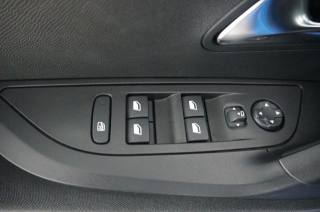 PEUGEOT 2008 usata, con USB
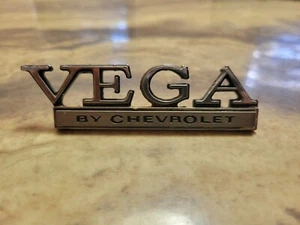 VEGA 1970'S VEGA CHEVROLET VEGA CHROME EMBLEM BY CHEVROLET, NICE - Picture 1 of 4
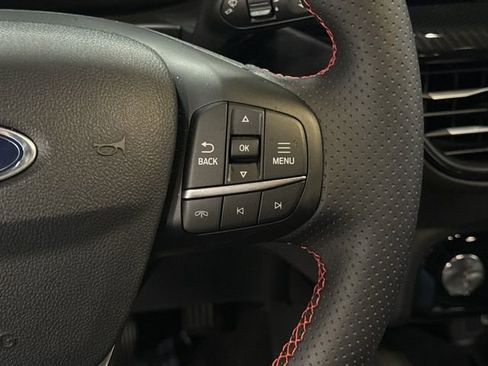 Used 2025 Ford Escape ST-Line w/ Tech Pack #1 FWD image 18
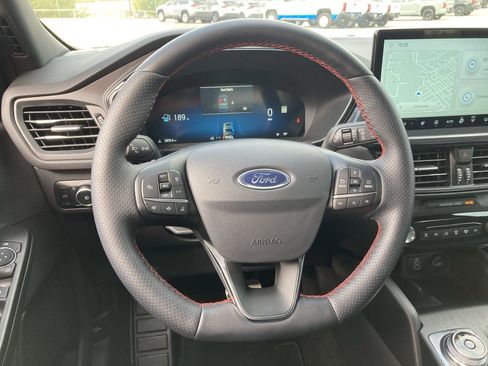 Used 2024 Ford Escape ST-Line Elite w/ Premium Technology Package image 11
+--
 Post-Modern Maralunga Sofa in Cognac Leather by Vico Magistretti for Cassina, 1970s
+--
Using the data above, retype exactly and only the lines from the one containing "PEUGEOT 2008 usata, con USB" up to and including the one containing "Used 2024 Ford", with no pictures carried over.

▸ **TASK RESPONSE**
 PEUGEOT 2008 usata, con USB
 VEGA 1970'S VEGA CHEVROLET VEGA CHROME EMBLEM BY CHEVROLET, NICE - Picture 1 of 4
 Used 2025 Ford Escape ST-Line w/ Tech Pack #1 FWD image 18
 Used 2024 Ford Escape ST-Line Elite w/ Premium Technology Package image 11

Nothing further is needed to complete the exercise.